Buttermilk Pancake Stack
Fluffy, golden pancakes drenched in buttery syrup – the ultimate weekend breakfast treat.
Total: 25 minPrep: 10 minCook: 15 min8 pancakes
Ingredients
Servings:
- 1 1/2 cups all-purpose flour
- 3 1/2 teaspoons baking powder
- 1 teaspoon salt
- 1 tablespoon sugar
- 1 1/4 cups buttermilk
- 1 large egg
- 2 tablespoons melted butter
- 1 teaspoon vanilla extract
- 2 tablespoons unsalted butter (for cooking)
Steps
- 1 In a large bowl, whisk together flour, baking powder, salt, and sugar.
- 2 In another bowl, whisk buttermilk, egg, melted butter, and vanilla extract.
- 3 Pour the wet ingredients into the dry ingredients and stir until just combined – a few lumps are okay.

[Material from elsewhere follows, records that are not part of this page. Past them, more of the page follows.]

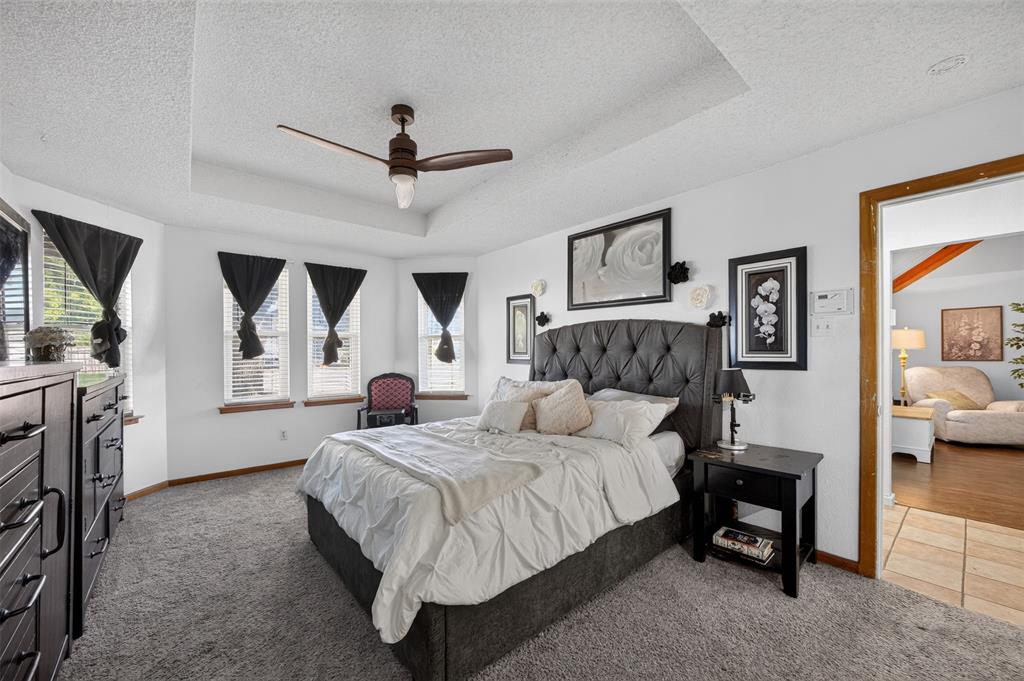 Tray ceiling featuring a central multi-blade ceiling fan, expansive triple-pane bay windows, and neutral carpeting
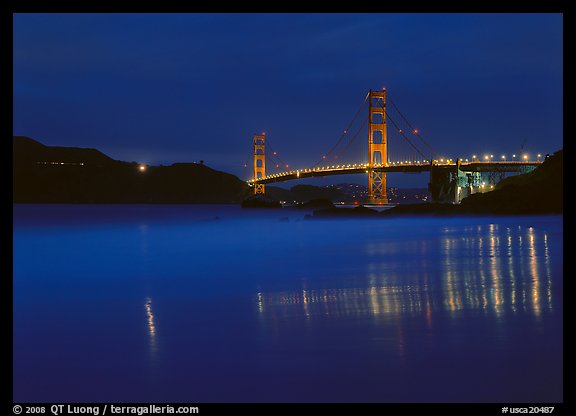 Golden Gate Bridge reflected in wet sand, blue hour. San Francisco, California, USA (color)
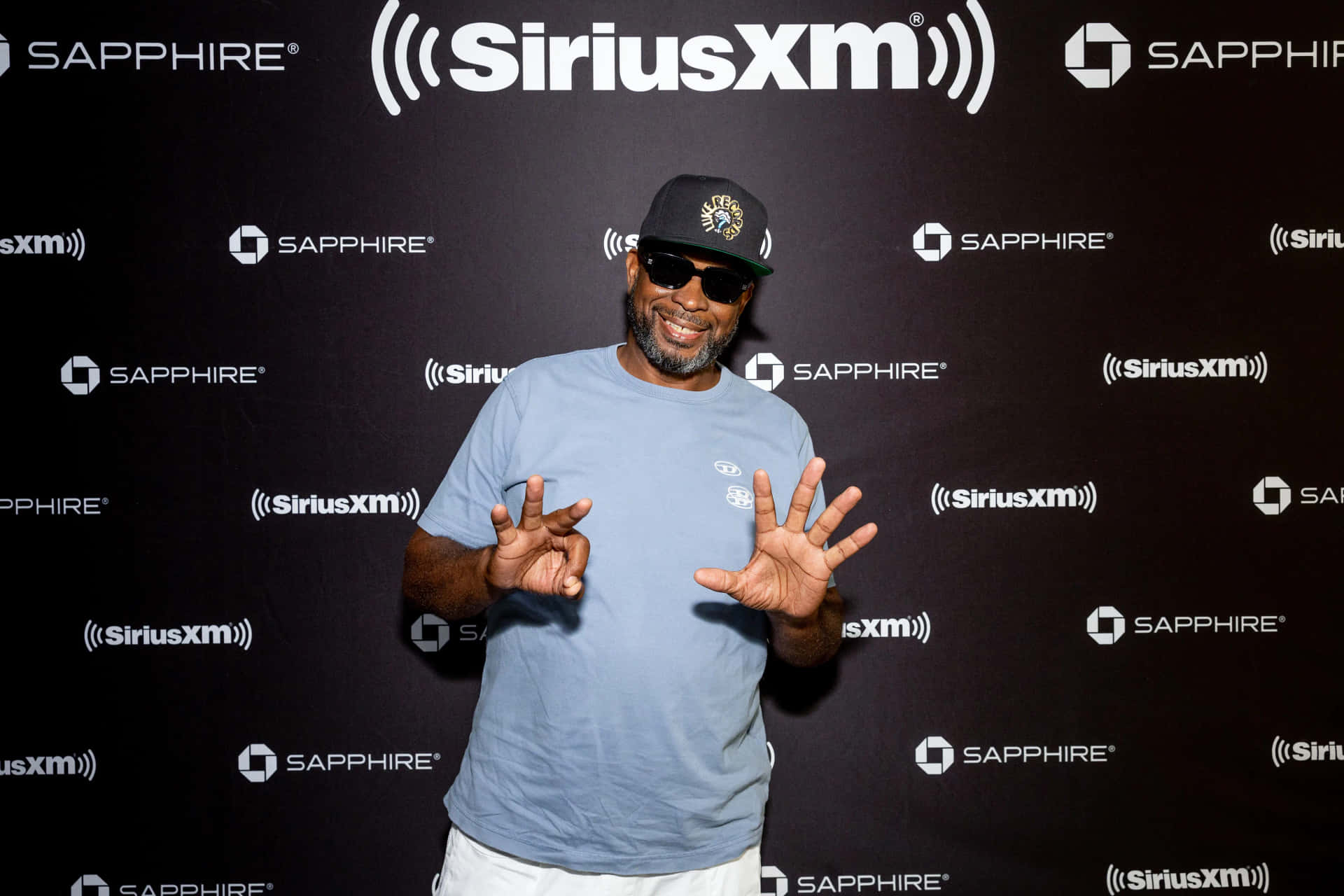  壁紙 — 一位微笑的男子身穿藍色T恤和帽子，雙手張開，在黑色SiriusXM品牌背景前擺姿勢。
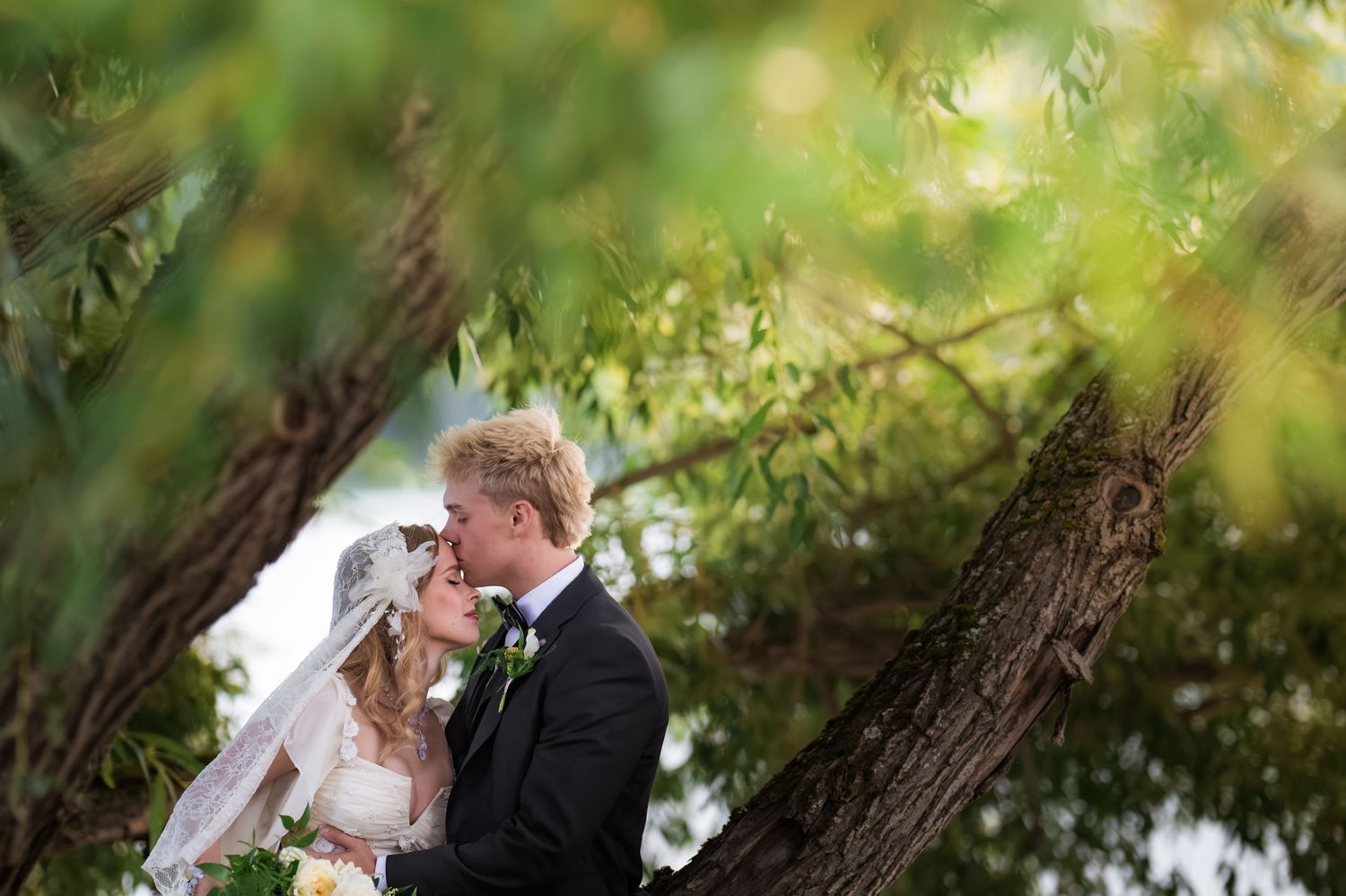 Bride and groom sharing a romantic kiss surrounded by lush green trees on their wedding day.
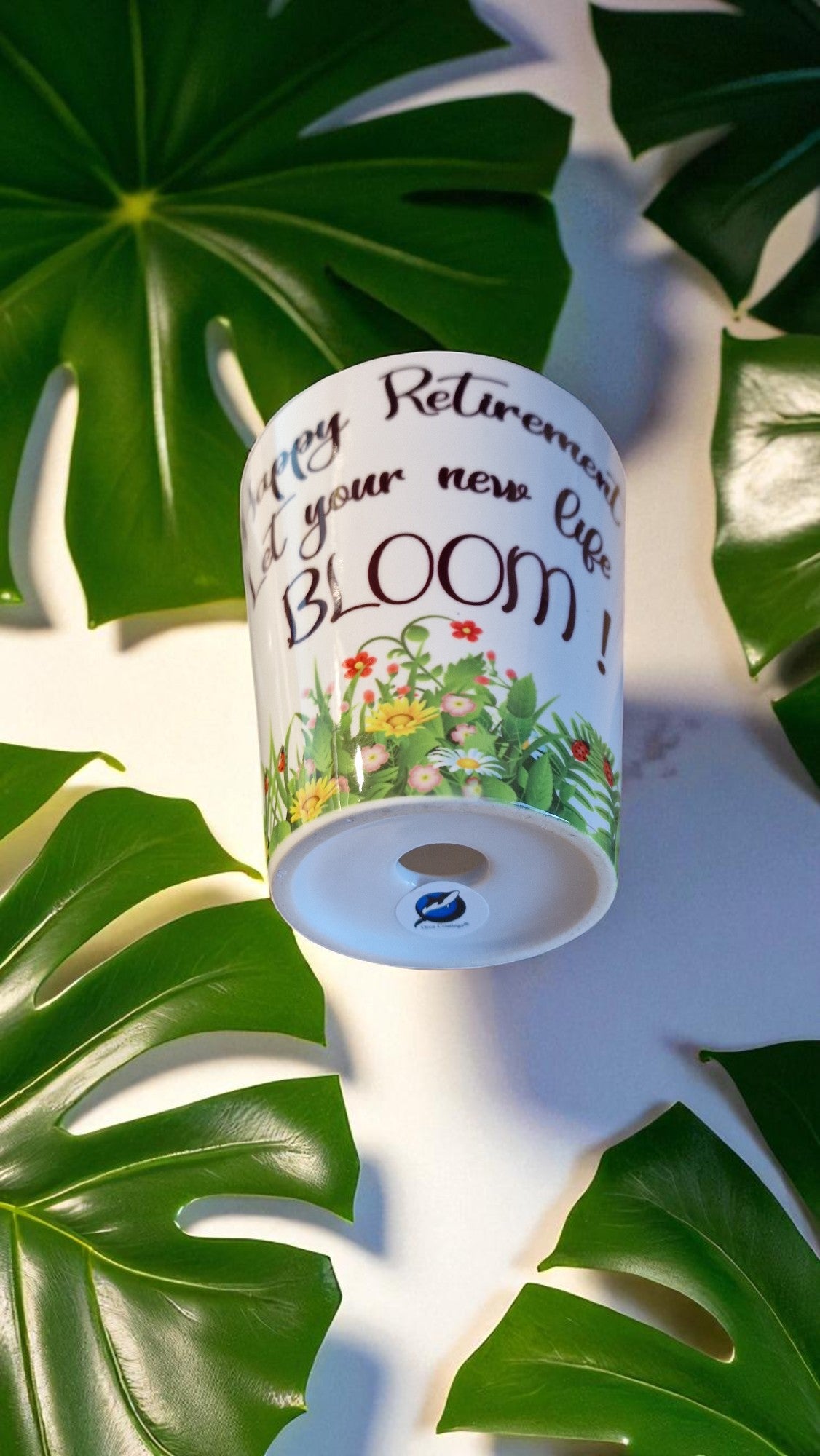 Ceramic planter with decorative text and flowers on a green leaf background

- 4 Heat a large skillet or griddle over medium heat and melt 1 tablespoon of butter.
- 5 For each pancake, pour about 1/4 cup of batter onto the skillet. Cook until bubbles form on the surface, then flip and cook until golden brown.
- 6 Repeat with remaining batter, adding more butter as needed.
- 7 Stack pancakes and serve immediately.
Nutrition
Calories:
200 kcal
Tips
- For extra fluffy pancakes, let the batter rest for 5 minutes before cooking.
- Keep cooked pancakes warm in a low oven while you finish the stack.
Storage
Store leftovers in an airtight container in the fridge for up to 3 days. Reheat in a skillet over medium heat or in the microwave.
Serving Suggestions
- Serve with warm maple syrup and fresh berries.
- Top with a dollop of whipped cream and a sprinkle of powdered sugar.
FAQ
Can I use regular milk instead of buttermilk?
Yes, mix 1 tablespoon of lemon juice or vinegar with enough milk to make 1 1/4 cups for a buttermilk substitute.